File spoon-archives/french-feminism.archive/french-feminism_1998/french-feminism.9803, message 13


Date: Sun, 15 Mar 1998 21:11:28 -0600 (CST)
From: cberkowi-AT-bayou.uh.edu (Charlotte Berkowitz)
Subject: Re: Suggested readings on FF and feminist biblical interpretation


Tom, 

Ilana Pardes' _Countertraditions in the Bible:  A Feminist Approach_
(Harvard UP, 1992) is an attempt, from a heterogneous theoretical
perspective, to hear (in the Hebrew Bible) female voices and stories muffled
by the dominant patriarchal discourse.  E.g., when, in Exodus 4: 24-26, the
heroic structure of Moses' tale collapses under sudden attack by "the Lord,"
Zipporah assumes the heroic mantle to confront the attacker and perform a
circumcision meant to save cultural life.  Pardes further points out that
Zipporah is one of a long line of women in Exodus, from within and without
Israel, who heroically defy father-gods to preserve life.  Not only do the
midwives Shifra and Pua refuse to obey the sun-god Pharaoh, who has ordered
them to kill all newborn boys, but Moses' mother colludes with his sister to
hide her son . . . and then the god's own daughter becomes a party to the
deception.  Etc., etc.

Not all her points are as well-developed as one would like, but the book
makes a good, provocative read.        


Best,
CAB


>Charlotte, Kathy, and Diane,
>    Thanks for the reading recommendations and the suggestion on
>teaching Kristeva. Charlotte, I am not familiar with Pardes' work. Can
>you tell me something more about it? Diane, do you have the complete
>references for Learner's and Ranke-Heinemann's work?
>     We are in the process of completing our Canadian Winter semester
>and then we will update/reform our Body and the Bible Syllabus. The
>first time we taught the course last summer I included readings from
>Gottwald and Horsley's _The Bible and Liberation_. Most of those
>readings will now be replaced by readings from _The Feminist Companion
>to Reading the Bible: Approaches, Methods, and Strategies_. Having been
>trained in biblical studies by prominent, hard-lined
>"historical-critical" scholars (one of whom once described himself to me
>as "a dyed-in-the-wool historical critic," another who ended our only
>required core course with a categorical mention of "perspectivist"
>approaches to the Bible like "feminism"), I am only very slowly
>de-constructing/reforming/re-imagining otherwise.
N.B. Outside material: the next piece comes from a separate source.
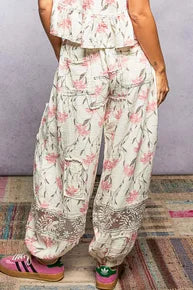 POL- Double Gauze Lace Patch Pants (Ivory Floral) *Final Sale*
Moving back to
>biblical studies through phenomenology, semiotics, and feminist theory
>(a long, embodied journey home--but that's another story) has been
>frustrating but FF continues to intrigue and implode my past
>training--along with providing some hopeful glimpses of emancipatory
>potentiality along the way.
>  Our Spring Evening semester begins on May 5th. I will send (and
>thereby "fork ova") our revised syllabus to the FF archives some time
>before then.
>    Tom
>--
>                    DON'T SLOWLY TURN AND WALK AWAY.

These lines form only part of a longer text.